Well, that was what Pierre Garnaud (right with shop owner Karina Bramer), who is deaf, had to deal with as a child. But he didn’t hide away and give up. He taught himself how to sew and came up with a mixture of sign language and gestures to talk to others using a combination of French, Creole, and English.

Communicating with others has always been difficult for Pierre, who grew up in Haiti. He explains, “Sign language is not recognized by Haitians, but it is used in some elite schools. Haitians who are deaf may use some oral Creole, some oral French, some of their country of origin’s sign language – typically called ‘home sign,’ some signed English, some America Sign Language, gestures, or a combination of any of these or all of the above to communicate. Many individuals with disabilities are considered to have little value. People like me remain in the family home and are often hidden from everyone. Most Haitian parents struggle to meet the basic needs of their children. Having a child with a disability often requires more resources than families are able to provide.”

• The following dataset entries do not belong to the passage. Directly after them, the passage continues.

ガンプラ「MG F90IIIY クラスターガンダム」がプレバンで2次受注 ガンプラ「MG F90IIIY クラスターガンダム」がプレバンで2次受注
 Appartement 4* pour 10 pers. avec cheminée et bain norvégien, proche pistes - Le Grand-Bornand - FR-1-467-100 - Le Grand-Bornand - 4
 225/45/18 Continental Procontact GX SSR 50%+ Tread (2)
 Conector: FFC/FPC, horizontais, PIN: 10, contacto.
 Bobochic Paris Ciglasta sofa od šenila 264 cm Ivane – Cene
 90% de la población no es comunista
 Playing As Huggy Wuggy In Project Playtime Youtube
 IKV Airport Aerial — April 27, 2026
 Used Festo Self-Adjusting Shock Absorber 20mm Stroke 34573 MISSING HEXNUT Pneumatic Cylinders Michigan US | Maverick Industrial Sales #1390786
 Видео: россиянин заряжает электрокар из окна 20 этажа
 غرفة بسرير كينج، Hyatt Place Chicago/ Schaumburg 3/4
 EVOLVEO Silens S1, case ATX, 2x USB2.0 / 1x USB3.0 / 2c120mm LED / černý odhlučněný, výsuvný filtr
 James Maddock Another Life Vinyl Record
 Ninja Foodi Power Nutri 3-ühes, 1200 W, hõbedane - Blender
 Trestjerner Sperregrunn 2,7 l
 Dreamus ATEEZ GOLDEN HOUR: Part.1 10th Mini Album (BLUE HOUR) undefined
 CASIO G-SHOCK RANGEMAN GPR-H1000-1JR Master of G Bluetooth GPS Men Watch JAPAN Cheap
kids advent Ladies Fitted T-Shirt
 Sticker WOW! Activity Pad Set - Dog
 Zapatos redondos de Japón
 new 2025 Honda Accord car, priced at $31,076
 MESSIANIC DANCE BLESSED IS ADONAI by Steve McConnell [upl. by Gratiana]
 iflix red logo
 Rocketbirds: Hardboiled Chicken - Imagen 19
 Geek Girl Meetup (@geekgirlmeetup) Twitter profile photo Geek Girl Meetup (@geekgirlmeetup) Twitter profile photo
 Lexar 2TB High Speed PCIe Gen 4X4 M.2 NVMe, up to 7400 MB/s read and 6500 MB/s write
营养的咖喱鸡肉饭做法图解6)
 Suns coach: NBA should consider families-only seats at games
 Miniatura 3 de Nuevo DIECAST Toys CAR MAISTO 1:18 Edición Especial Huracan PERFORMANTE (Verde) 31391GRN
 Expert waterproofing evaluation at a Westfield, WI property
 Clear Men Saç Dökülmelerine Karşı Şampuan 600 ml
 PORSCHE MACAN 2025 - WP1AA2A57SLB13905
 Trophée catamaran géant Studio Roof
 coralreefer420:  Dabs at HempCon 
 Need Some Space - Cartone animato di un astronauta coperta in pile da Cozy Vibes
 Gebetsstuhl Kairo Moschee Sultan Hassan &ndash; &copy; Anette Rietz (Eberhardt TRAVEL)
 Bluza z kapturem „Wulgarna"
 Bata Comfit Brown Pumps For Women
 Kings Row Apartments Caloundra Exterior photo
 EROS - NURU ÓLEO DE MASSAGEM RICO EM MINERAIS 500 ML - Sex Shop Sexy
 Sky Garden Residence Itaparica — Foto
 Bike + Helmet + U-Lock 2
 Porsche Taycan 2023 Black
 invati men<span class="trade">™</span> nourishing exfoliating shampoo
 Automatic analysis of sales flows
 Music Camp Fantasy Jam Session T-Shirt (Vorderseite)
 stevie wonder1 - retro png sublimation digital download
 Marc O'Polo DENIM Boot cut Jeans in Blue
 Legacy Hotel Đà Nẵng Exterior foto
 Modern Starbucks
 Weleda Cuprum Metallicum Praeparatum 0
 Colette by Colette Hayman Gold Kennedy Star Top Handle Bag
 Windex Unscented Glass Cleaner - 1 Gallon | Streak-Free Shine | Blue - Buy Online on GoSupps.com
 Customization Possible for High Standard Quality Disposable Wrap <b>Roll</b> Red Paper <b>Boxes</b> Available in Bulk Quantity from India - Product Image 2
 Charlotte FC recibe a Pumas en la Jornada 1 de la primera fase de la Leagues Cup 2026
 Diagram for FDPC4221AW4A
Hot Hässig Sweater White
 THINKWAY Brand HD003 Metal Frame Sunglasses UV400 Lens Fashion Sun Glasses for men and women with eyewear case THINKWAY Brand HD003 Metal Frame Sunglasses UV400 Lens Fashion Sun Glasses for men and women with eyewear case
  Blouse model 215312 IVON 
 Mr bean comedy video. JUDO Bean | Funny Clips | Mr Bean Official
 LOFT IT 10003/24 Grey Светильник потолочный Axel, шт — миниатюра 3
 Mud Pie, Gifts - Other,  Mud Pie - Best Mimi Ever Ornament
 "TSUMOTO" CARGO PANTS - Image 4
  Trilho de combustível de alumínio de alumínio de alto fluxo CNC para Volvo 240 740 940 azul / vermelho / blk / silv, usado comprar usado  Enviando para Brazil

Pierre came to America seven years ago. He was determined to work, so he came to the local Vocational Rehabilitation (VR) office and met with VR Counselor Lucia Mavrakis. VR provided a number of services for Pierre, including hearing aids, eye glasses, interpreter services, clothing for his job interviews and a monthly bus card. Lucia also referred him to Job Coach Ana Davis with Jewish Community Services to help him get ready for work.

After working with Ana to learn how to get around using public transportation and to apply for different jobs, Pierre was excited to land a job at Alterations and Much More as a tailor. Owner Karina Bramer is very happy to have Pierre as part of her staff. “He is a very humble and lovely person,” she says. “His disability is not an issue at my work place, especially for Pierre! He takes two buses to come to work, and his dedication and skills are extraordinary.”

Pierre communicates with his co-workers by writing and, when needed, Jewish Community Services provides an interpreter for him. “Being in America and having a job as a tailor is what makes me happy,” Pierre says. “Having language difficulties and a disability will not stop me from obtaining my purpose in life.”

Lucia is very proud of how far Pierre has come since she first started working with him. “Helping Pierre was a challenge for us because of the language barriers. Ana and I worked closely with him to engage him and provide support and increase his independence and self-confidence. In getting the opportunity to work, he has become more independent. The best part about working with him was his passion for the job he is doing right now. He is a very honest and sensitive individual that confronted adversity and adjusted to a different life in a new country.”

Ana agrees, “Pierre is an extraordinary individual who not only faced the disadvantages of language as an immigrant, but also overcame many complications because there is no uniformity of home language among Haitian deaf individuals. Being an individual and living within a different linguistic and cultural group, he has survived and learned to articulate his own values, social norms, and traditions.”